TASK INPUT section start
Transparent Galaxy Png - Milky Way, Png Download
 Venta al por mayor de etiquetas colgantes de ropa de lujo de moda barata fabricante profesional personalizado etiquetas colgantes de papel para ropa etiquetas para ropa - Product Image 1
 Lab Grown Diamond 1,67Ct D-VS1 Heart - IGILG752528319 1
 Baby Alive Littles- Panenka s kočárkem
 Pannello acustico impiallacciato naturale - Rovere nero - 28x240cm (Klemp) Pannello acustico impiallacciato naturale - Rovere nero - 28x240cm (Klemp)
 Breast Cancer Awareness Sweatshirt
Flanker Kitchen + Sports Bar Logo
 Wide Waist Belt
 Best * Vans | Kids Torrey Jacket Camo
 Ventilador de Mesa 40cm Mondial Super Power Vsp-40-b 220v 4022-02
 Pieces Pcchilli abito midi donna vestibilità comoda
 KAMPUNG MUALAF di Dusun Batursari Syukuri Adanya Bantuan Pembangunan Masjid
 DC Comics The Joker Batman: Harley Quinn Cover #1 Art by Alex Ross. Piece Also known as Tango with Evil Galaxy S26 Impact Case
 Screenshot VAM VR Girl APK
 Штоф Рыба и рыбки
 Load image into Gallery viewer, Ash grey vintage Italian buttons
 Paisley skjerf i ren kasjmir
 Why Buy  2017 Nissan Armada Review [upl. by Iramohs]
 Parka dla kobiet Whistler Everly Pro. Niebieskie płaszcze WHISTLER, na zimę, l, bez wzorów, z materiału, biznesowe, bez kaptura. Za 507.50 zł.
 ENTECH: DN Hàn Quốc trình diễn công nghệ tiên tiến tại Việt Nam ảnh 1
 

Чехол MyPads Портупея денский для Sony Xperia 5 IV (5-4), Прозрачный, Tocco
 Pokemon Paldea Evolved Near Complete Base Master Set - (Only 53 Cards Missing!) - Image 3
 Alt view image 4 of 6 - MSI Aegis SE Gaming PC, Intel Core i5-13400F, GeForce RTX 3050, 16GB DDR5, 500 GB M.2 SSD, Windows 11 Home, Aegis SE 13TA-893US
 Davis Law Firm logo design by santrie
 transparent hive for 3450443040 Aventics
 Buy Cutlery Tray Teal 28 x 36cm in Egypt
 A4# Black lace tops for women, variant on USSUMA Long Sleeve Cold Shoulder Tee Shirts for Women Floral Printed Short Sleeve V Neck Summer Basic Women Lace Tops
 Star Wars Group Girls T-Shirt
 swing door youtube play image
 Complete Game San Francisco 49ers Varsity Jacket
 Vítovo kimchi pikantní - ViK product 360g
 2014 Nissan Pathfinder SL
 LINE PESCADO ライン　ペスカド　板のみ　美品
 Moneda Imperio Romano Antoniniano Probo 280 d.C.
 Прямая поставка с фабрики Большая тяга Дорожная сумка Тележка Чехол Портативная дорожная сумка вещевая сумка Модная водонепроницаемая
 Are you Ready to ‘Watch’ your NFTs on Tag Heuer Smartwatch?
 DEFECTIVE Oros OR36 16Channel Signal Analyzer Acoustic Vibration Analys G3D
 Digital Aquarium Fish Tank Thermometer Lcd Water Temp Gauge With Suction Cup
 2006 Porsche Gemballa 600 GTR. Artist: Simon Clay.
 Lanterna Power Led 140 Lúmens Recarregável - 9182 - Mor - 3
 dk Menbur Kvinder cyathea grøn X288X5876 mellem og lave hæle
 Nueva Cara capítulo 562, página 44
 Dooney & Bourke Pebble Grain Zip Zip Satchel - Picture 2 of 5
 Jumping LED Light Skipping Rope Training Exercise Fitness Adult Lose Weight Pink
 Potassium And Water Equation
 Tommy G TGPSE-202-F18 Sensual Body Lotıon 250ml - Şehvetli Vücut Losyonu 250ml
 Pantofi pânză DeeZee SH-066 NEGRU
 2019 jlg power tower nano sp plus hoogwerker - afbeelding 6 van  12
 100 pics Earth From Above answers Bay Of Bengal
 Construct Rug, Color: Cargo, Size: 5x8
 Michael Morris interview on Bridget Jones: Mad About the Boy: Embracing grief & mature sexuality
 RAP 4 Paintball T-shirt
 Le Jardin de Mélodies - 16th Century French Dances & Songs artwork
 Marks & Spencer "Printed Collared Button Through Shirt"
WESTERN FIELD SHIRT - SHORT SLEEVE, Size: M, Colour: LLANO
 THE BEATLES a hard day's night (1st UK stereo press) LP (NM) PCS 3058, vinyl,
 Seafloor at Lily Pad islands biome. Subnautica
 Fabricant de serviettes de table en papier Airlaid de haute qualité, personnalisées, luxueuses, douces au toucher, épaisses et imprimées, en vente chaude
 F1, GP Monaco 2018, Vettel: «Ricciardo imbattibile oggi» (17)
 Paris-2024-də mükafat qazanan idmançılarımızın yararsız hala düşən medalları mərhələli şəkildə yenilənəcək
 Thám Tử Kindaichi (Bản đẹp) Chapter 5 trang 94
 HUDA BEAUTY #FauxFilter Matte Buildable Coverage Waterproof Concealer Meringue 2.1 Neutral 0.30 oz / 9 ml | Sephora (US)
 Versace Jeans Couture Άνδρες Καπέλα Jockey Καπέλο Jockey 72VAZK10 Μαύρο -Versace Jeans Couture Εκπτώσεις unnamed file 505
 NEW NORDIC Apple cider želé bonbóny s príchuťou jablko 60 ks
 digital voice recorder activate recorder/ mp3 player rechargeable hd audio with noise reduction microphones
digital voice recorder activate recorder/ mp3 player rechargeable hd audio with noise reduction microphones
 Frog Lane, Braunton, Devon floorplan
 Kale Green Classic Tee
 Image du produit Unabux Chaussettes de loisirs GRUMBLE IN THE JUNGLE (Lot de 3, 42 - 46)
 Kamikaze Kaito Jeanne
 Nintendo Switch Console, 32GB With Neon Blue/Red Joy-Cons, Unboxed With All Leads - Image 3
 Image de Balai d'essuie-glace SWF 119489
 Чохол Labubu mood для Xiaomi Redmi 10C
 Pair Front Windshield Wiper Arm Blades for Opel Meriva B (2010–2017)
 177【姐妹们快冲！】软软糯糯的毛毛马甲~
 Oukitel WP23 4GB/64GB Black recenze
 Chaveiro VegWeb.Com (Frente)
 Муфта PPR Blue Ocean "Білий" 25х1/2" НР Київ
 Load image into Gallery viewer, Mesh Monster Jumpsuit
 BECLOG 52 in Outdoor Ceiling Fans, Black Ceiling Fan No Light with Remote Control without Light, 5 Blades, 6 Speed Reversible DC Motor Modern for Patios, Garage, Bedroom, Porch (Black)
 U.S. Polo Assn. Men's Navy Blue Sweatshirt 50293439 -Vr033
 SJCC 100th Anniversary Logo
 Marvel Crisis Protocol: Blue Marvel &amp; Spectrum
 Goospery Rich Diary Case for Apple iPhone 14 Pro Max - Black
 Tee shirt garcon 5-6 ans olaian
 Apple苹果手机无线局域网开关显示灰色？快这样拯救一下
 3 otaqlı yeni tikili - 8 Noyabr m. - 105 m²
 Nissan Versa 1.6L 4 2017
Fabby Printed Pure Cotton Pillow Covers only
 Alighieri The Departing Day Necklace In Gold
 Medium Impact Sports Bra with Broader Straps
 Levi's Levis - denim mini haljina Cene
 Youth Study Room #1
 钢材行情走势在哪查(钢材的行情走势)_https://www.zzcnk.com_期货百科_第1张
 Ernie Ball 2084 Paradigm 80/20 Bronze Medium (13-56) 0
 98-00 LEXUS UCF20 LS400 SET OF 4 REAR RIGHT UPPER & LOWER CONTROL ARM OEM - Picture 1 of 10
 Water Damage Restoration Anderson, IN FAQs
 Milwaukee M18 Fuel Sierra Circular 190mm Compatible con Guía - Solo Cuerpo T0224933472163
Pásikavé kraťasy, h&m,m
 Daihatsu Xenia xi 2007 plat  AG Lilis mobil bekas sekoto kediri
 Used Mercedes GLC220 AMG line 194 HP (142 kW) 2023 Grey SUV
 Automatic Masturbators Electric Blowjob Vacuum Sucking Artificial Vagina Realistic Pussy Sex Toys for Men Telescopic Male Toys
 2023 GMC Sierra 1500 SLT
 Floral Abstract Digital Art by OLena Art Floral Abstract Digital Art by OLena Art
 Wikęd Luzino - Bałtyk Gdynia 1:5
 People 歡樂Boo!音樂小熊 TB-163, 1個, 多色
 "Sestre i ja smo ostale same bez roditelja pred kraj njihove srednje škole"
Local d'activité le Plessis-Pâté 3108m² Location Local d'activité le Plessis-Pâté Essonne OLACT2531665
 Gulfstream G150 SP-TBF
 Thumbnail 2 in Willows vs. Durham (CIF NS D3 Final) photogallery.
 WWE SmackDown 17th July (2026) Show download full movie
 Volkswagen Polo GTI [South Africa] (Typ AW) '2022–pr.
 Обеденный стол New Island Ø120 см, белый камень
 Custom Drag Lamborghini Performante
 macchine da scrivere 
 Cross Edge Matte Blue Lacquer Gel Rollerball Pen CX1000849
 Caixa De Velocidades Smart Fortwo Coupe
TASK INPUT section end
**BRIEF**
Here the job is to set down exactly the lines of the material above that fall between the one with "dk Menbur Kvinder" and the one with "F1, GP Monaco", inclusive, and nothing beyond them.

**PROBLEM SOLUTION**
 dk Menbur Kvinder cyathea grøn X288X5876 mellem og lave hæle
 Nueva Cara capítulo 562, página 44
 Dooney & Bourke Pebble Grain Zip Zip Satchel - Picture 2 of 5
 Jumping LED Light Skipping Rope Training Exercise Fitness Adult Lose Weight Pink
 Potassium And Water Equation
 Tommy G TGPSE-202-F18 Sensual Body Lotıon 250ml - Şehvetli Vücut Losyonu 250ml
 Pantofi pânză DeeZee SH-066 NEGRU
 2019 jlg power tower nano sp plus hoogwerker - afbeelding 6 van  12
 100 pics Earth From Above answers Bay Of Bengal
 Construct Rug, Color: Cargo, Size: 5x8
 Michael Morris interview on Bridget Jones: Mad About the Boy: Embracing grief & mature sexuality
 RAP 4 Paintball T-shirt
 Le Jardin de Mélodies - 16th Century French Dances & Songs artwork
 Marks & Spencer "Printed Collared Button Through Shirt"
WESTERN FIELD SHIRT - SHORT SLEEVE, Size: M, Colour: LLANO
 THE BEATLES a hard day's night (1st UK stereo press) LP (NM) PCS 3058, vinyl,
 Seafloor at Lily Pad islands biome. Subnautica
 Fabricant de serviettes de table en papier Airlaid de haute qualité, personnalisées, luxueuses, douces au toucher, épaisses et imprimées, en vente chaude
 F1, GP Monaco 2018, Vettel: «Ricciardo imbattibile oggi» (17)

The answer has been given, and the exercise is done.